Some thoughts on the bear market.

This post started as an email that got way too long. I added some charts and put it up here:

The rally has not surprised me (on March 31 I expressed the opinion that we would hit 900 or higher by summer:

…more likely in my mind is a protracted rally extending to 900 or higher by summer, then rolling over to meet a date with 400 next winter. Look at last year’s rallies from March to May and July to August for an idea of what this might look like, though on a larger percentage and time scale because we are correcting a larger sell-off. The case for such a move is bolstered when you hear major investment banks’ strategists calling this a dead cat bounce. Too many people are still afraid to call a bottom, and they need to be suckered into long positions before this is over (along the same lines, too many traders are embracing the dead cat bounce and need to be shaken out before it can get back to leading the buy-and-holders to slaughter).

That said, I was leaning closer towards 900 than 1050:

I am highly skeptical, though respectful, of calls for a the mother of all bear market rallies. Robert Prechter and some other Elliott Wavers, as well as Tim Knight (slopeofhope.com) seem to be anticipating a 6-month or longer rally to as high as 1050. I simply don’t see why that is necessary in this environment. This is a depression, and the last one was accompanied by bear market that, after the first 6 months, maintained the momentum of a cruising supertanker. Rallies of 20 percent and 2 months were about all you got from April 1930 to July 1932 as the Dow dropped from about 295 to 41. That deflation-driven event was a much more orderly bear market than the jagged trajectory of the dot-com crash, which occured while the credit bubble continued to expand. Interestingly, the 1966-1982 secular bear (a brutal 75% loss in real terms) also traced out such a series of steep plunges and rallies as the bubble kept inflating thanks to a compliant Fed and the abandonment of the last trace of the gold standard. Employment was down, but animal spirits were still running high with the computing boom, the advent of securitization, and new innovations in consumer credit.

Though I saw this rally coming a mile away, I have traded it very poorly. First, I put too much emphasis on picking the absolute bottom for a buy-in.  Back in Feb and March I got out of most of my shorts by the time we were under 700, and I entered a bunch of limit orders to put over 1/2 of my net worth in SPY on the long side. Unfortunately, those orders started at 620, and we bottomed at 666. So I missed the bounce, and not only that, starting in April I began to short the junk stocks that were flying the highest and have been the real driver of this market. That was way too soon, and they kept on going, to the surprise of many a long-short fund as well. The outperformance of junk was a surprise, but the overall bounce has not been. When you have mood as compressed as it was back in March and you reach an exhaustion point after 18 months of a strong bear trend, you get a big reversal, which can then generate the extremes of optimism needed to set up the next plunge.

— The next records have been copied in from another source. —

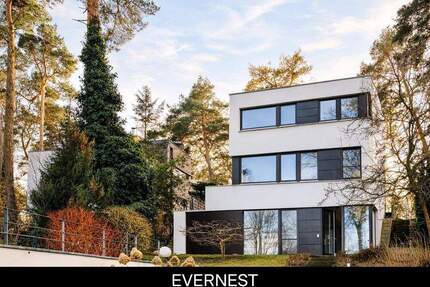 Promenade location with lake view in Potsdam makes hearts beat faster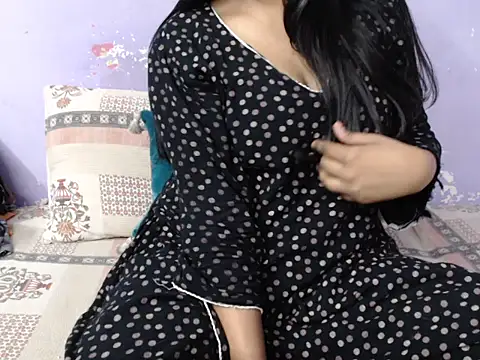 Freya nia online show from 11-15-25, 02:02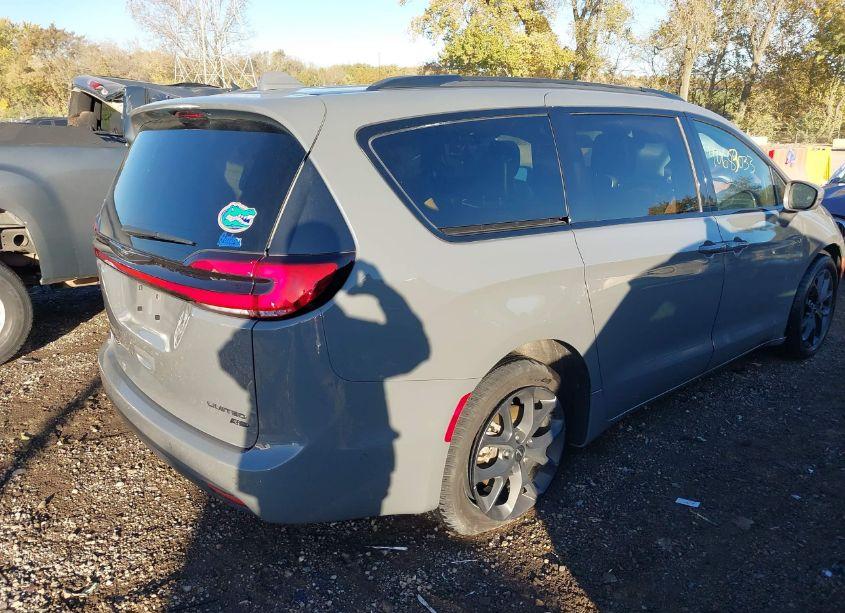 Photo 4 of 2022 Chrysler Pacifica LIMITED AWD (VIN 2C4RC3GG6NR119784)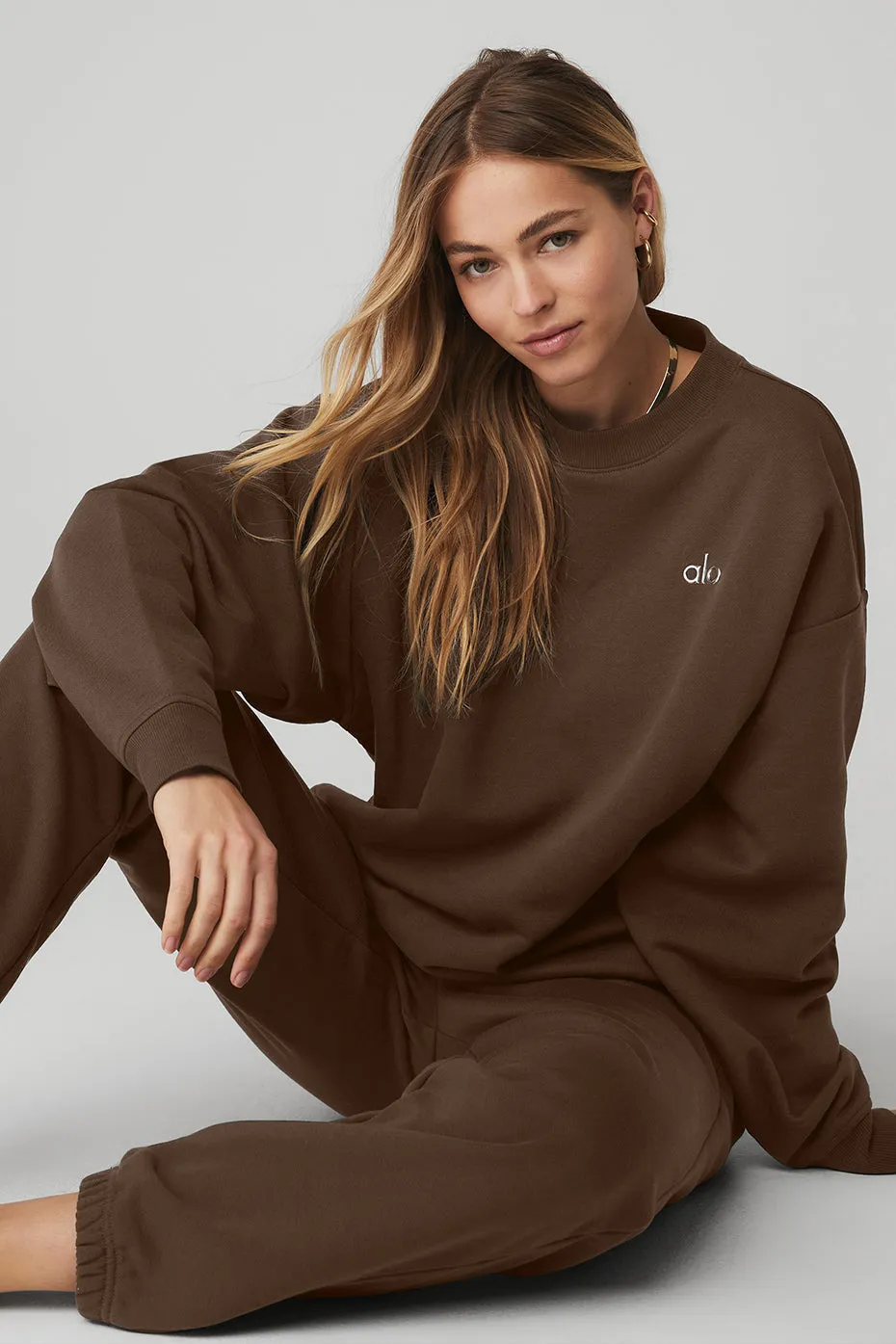 Accolade Crew Neck Pullover & Accolade Sweatpant Set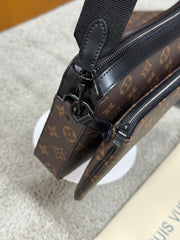 Bolso LOUIS VUITTON Marrón Hombre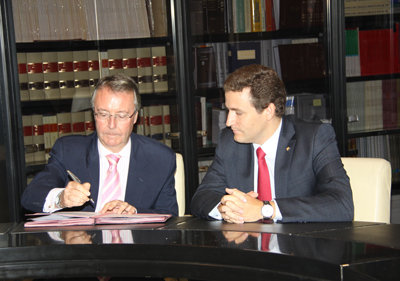 Un momento de la rubrica del acuerdo entre el Consejero y el director general de la entidad. (Foto: ARCHIVO)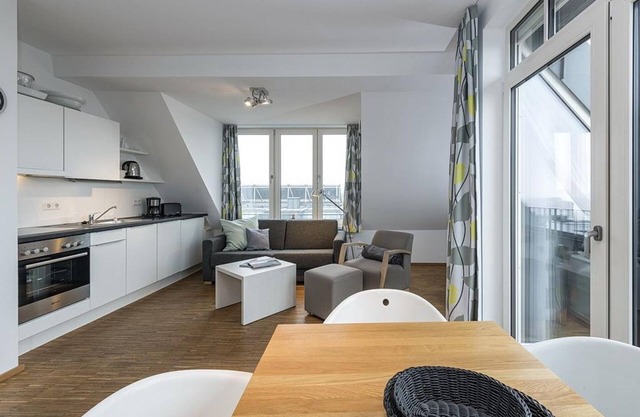 Great top floor apartment with sea view and west-facing loggia - only 100 m to the beach!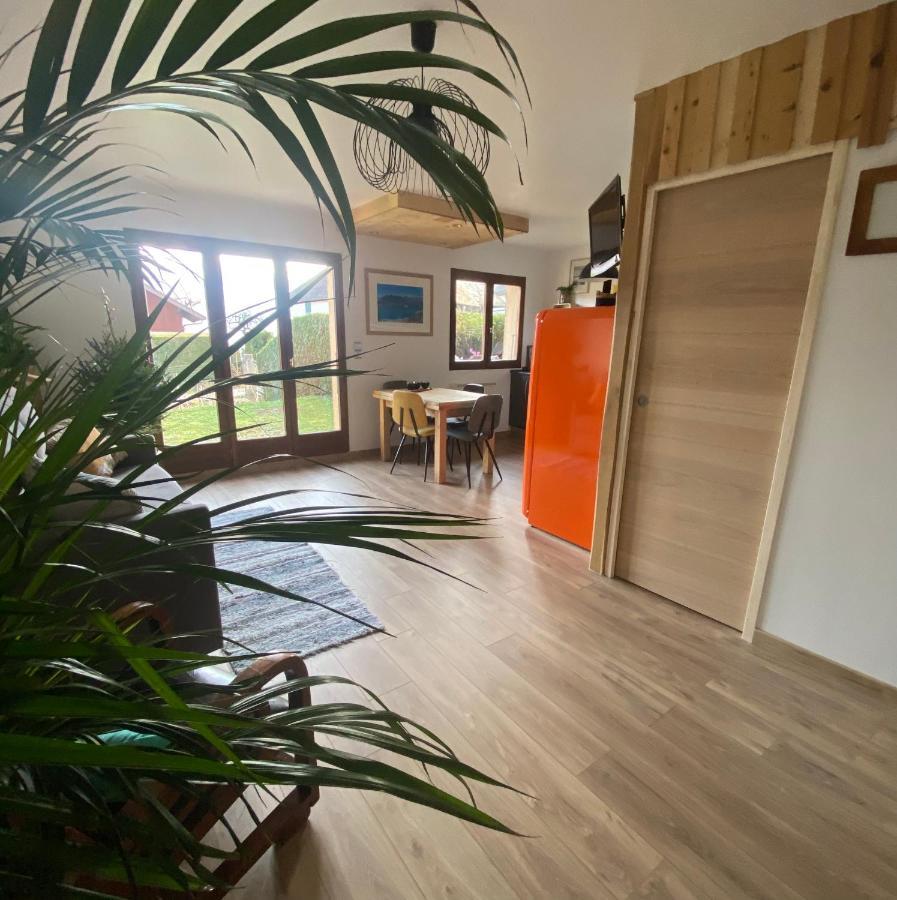 Appartement Au Calme Avec Vue Sur Les Montagnes. Sévrier Buitenkant foto
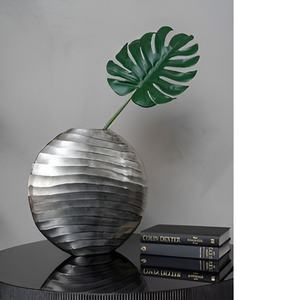 Vase de table moderne en métal martelé de qualité supérieure pour la décoration intérieure et le sol Pot de fleurs décoratif - Product Image 3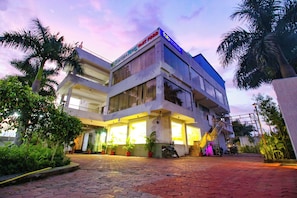 Ngoại thất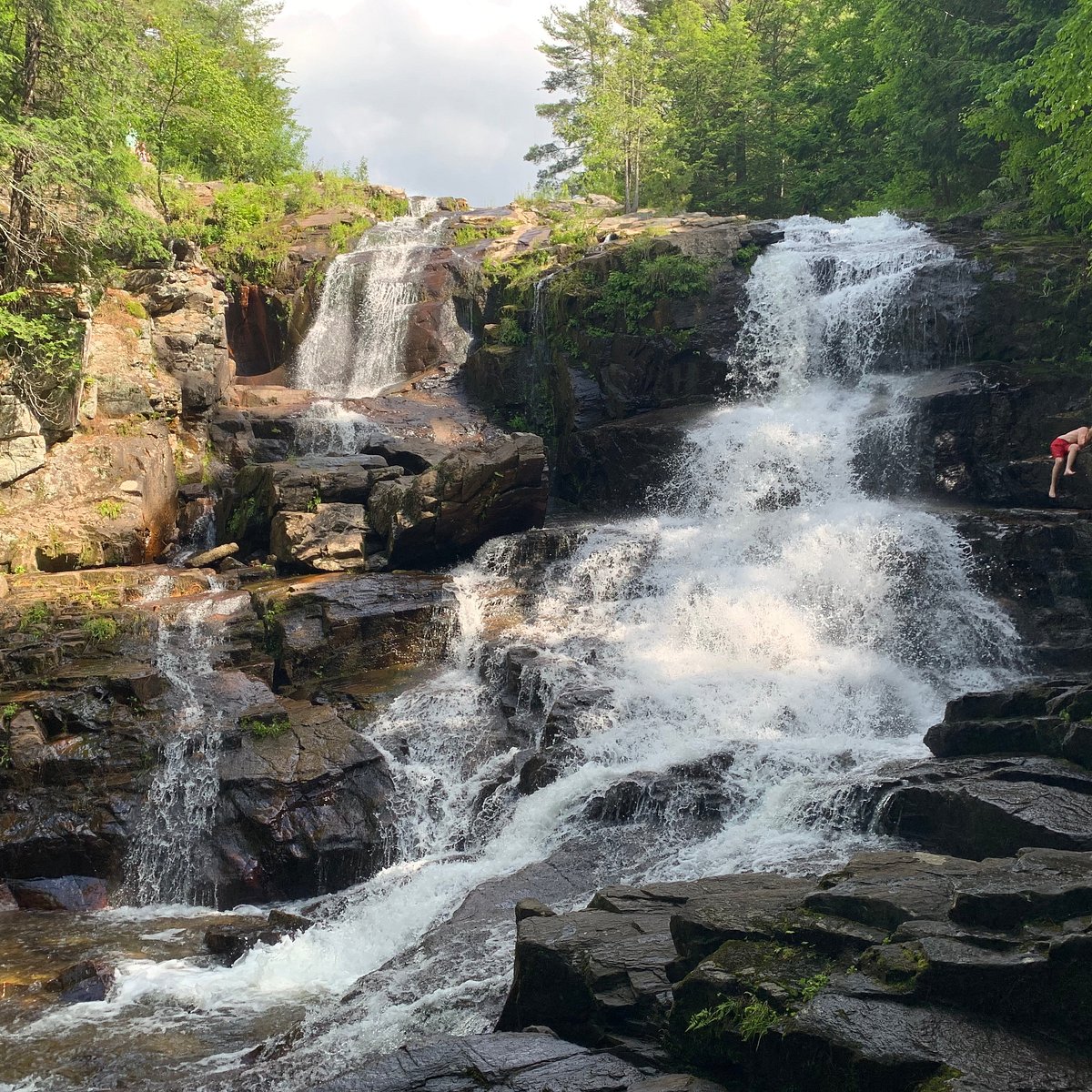 Shelving Rock Falls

I’ve been buying long-term puts on the S&P and Nasdaq again since late March (way too soon, considering that I expected the rally to continue). I bought a bunch more yesterday, by the way. I view it as extremely unlikely that this market doesn’t decline to the point where solid value offers support — that would be a sub-10 PE and dividend yield of over 5% on dividends that have to fall by 50% or more from here to around $12 for the S&P. That would be the 240 level, but it should take at least a couple more years to get there (or below), if not four or five.

What has always worried me as a short in this market is not a 5-8 month rally, but a 12-18 month affair  like some of those that Japan has experienced in its long bear market since 1989:

Source: Yahoo! finance

That said, Japan’s financial sector was deflating while exports were improving, families had savings and the rest of the world was growing. Today’s situation is much, much more severe of course, and we can only find a parallel in the Great Depression for so many of the economic trends we are seeing. The longest bounce in that bear market was 5 months, and it was of similar magnitude (48% from Nov. ’29 to April ’30; we’re up 47% in the 4.5 months since March 6).

This is the Dow from 1928 to 1931:

Source: Yahoo! finance

And here’s how that bounce looked from 1933:

Source: Yahoo! finance

The S&P500 is now the most overvalued in history by PE (infinite as of this quarter’s running 12 month total, or a dot-com-esque 32 times current annualized earnings levels, about $7.50 per quarter). The dividend yield is about 2.5%, but dividends are nearly as high as earnings right now, which is completely unsustainable (they should be less than half of earnings). On a sustainable basis, the yield is 1.0 – 1.25%.

Here is the S&P PE ratio (TTM data through 12.31.08) going back to 1936. (the dates read right to left, since I can’t figure out how to reverse them in Excel). Data through 6.30.09 would be off the chart:

Real (U-6) unemployment is approaching 17% and climbing, and that is if you exclude the likely 6 million illegal immigrants who are out of work now (who used to take home $100 per day as construction cleanup boys or dishwashers). Throw them in, as we would have in the 1930s, and you get a solidly depressionary 20%.


Credit is still being withdrawn everywhere you look, whether in home equity, credit cards or small business loans. There has been a bounce in the corporate bond market, but that is due to the same technical forces that are driving the stock market, and the big bankruptcies are just beginning. Only the very weakest have gone under so far, like the car companies.

So with this backdrop, I don’t expect this summer’s good feelings to last into the holidays. The markets should start to roll over again soon, since the big-money value investors needed for a sustained advance can find no reason to buy in, and the little guy has been burned too many times to chase this market very far. Volume is very thin, and an unusually large fraction of trading is taking place between automated programs.

When the data to back up the green shoots theory fails to show up after another few weeks or months, and even official unemployment is solidly into the double digits and climbing, while another huge wave of mortgage resets hits the middle class, there will be no hope at all left to support this market, and it will slide to levels not seen since George Bush Sr. was in office.

It will then still not be a safe long-term buy. For that, considering all of the obstacles that the government has created to profit-making, we need to get back to Reagan-era levels, somewhere under the bottom of the 1987 crash.